It’s in the name - ‘data science’. As with all sciences, creating machine learning models requires: a degree of experimentation; some educated guesswork in terms of what will and won’t work; thorough documentation to record your experiments and outcomes.
If you want to create the best model possible it makes sense that you’ll need to do a number of experiments before you arrive at that model - trying out different techniques, gathering better data, and tweaking certain parameters. Even after that initial model is built, you are more than likely going to need to recreate (retrain) that model in the future as things change - data, user behaviour, changes in features. This retraining will require even more experiments.
Assuming 1 data scientist can only perform 1 experiment at a time before moving onto the next experiment, can you speed up model development by having more data scientists working on experiments concurrently?

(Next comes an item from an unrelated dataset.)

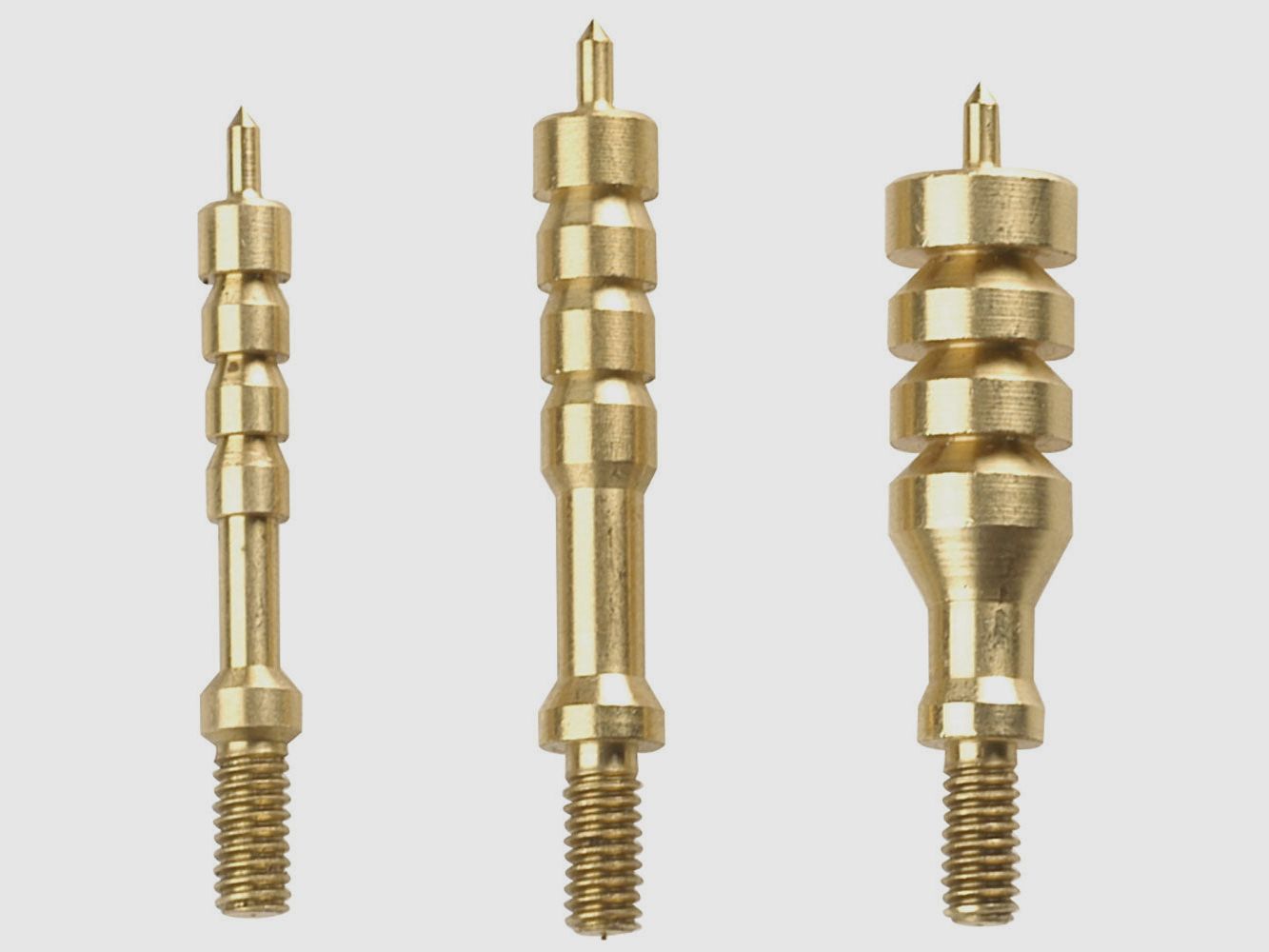 TIPTON Solid Brass Jag Set 749245 – 13 Patchhalter .17–.45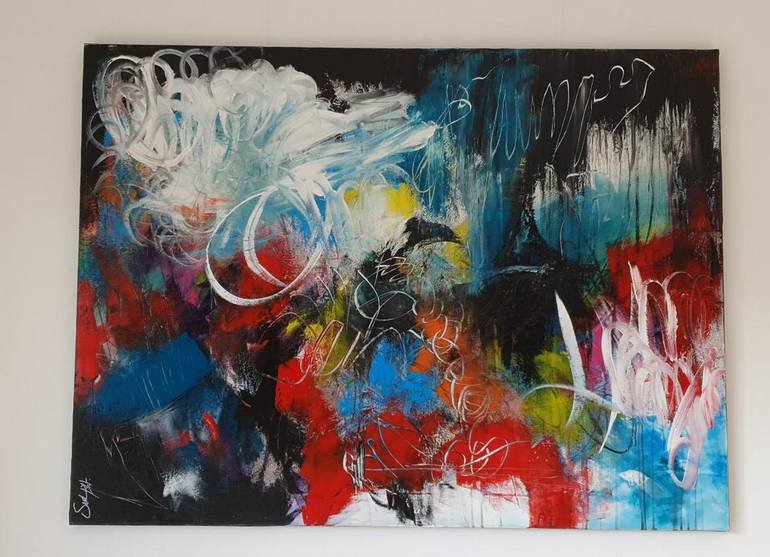 Original Abstract Expressionism Abstract Painting by Suely Blot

Do you need more cooks, or just a sharper knife?
Imagine you have a team of N data scientists, each working to develop the best possible model. Each of them is taking data, writing code, tweaking parameters and building models that they record the effectiveness of. In theory N data scientists should be able to develop N times as many models or develop models N times quicker than just having 1 data scientist. But this is often not the case, due to various inefficiencies, and duplication of effort.
Without the correct tools and workflow available to data scientists they are not able to collaborate and share resources efficiently. Specific problems include:
- Not able to easily share datasets.
- No way to create different versions of datasets.

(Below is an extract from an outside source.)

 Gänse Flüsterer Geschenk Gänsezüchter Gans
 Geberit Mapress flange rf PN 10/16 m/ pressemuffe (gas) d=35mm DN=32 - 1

- Fixing the same problem in multiple different ways by not efficiently sharing and versioning code.
- No method for centrally recording each experiment.
- No mechanism for sharing experiments and learnings.
The primary tool that helps resolve a lot of these issues is a centralised experiment tracker. We've written a guide on the various options but fundamentally they all do the same thing: they capture all of the inputs that went into building an experimental model (version of data, version of code, parameters used to build the model) as well as capturing the output and accuracy of the model.
By implementing the experiment tracker and making a small modification to the data scientists’ training code, you are able to automatically capture all experiments centrally. Allowing everyone to see what everyone else is doing and thus collaborating more effectively and developing models quicker.
The experiment tracker needs inputs though so you would also need to implement a data versioning tool (DVC being our open source tool of choice) which integrates nicely with git and ensures that training code and data is all versioned at the same time.
Ignore the problem at your peril
Developing new or updated models can be painfully slow. From a business perspective this means that new ML/AI features aren’t getting deployed as quickly as you want AND if you want to replace a model that isn’t performing correctly then this also takes too long. Ultimately the users of your service aren’t experiencing the features you want them to AND/OR your product is delivering sub optimal results to the users.
In addition to the impact on your customers, your data scientists may become frustrated and demotivated by how long it takes to deploy models. As a result morale may be low, and you risk your best data scientists leaving. It also affects your ability to recruit the best data scientists who are very discerning about only working for an organisation that has efficient tools and processes in place.
Centralised Experiment Trackers
So a centralised experiment tracker may well be the smart solution for your business. Many hands doesn’t always make light work. You may not need more people, instead create an environment that helps your current data scientists work together more effectively, and without frustration.